This page gathers some steps and elements to consider when choosing a journal, taken from the book available in Open Access: How and Where to publish? Publishing addiction science, a Guide for the Perplexed (third edition, Ubiquity Press, 2017).


Target audience

Language of publication

Multidisciplinary, disciplinary or specialized journals

Published content

Quality and integrity of the journal

Visibility of content

Acceptance rate

Publication deadlines

Impact Factor



enlightened​   Is your article primarily of interest to a national or an international audience? 

You will find information about the reach and audience of a journal by visiting its website. 


enlightened   Consider the language of publication

If you are targeting an international audience, it is wise to turn to a journal that publishes in English.  

If you write your article in your native language, or in the language of the country where your study was conducted, it is sometimes possible to publish it a second time in English. This requires prior authorization from the publishers concerned.

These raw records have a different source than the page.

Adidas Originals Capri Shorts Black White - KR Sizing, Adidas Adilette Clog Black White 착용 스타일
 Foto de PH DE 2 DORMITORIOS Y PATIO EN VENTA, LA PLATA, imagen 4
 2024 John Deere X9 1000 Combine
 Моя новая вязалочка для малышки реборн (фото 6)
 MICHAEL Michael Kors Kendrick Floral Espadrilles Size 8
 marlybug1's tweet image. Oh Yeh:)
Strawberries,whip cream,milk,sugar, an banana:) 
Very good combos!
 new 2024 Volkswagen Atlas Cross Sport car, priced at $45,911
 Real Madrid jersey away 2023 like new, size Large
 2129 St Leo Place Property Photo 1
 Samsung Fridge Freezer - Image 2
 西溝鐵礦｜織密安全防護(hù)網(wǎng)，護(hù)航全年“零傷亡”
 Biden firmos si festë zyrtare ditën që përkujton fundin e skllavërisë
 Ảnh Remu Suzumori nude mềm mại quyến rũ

However, publishing in the national language has advantages: it allows the use of the language and terminology to be maintained in the scientific field concerned, and serves as a means of communication between scientists, professionals and regional and national political leaders.


enlightened   Consider whether to publish in a generic, disciplinary, or specialized  journal

Some journals are intended for the general scientific community (e.g. Nature). Other journals publish articles that focus on a particular discipline (e.g. Results in Physics), and others that focus on a specific topic (e.g. Neurovascular Imaging).

Be aware that it may be necessary to adapt the language used if you wish to publish in a journal for a wider scientific audience, and to write your article in a way that is understandable to those who do not have a thorough knowledge of your research field and its dialect. 


enlightened   Review the journal's content range 

Review several issues and visit the journal's home page. Select journals that have already shown an interest in your article topic.

If in doubt, do not hesitate to contact the editor of the journal you are interested in, and ask more experienced colleagues: you might get valuable insights into the editorial preferences and priorities of some journals.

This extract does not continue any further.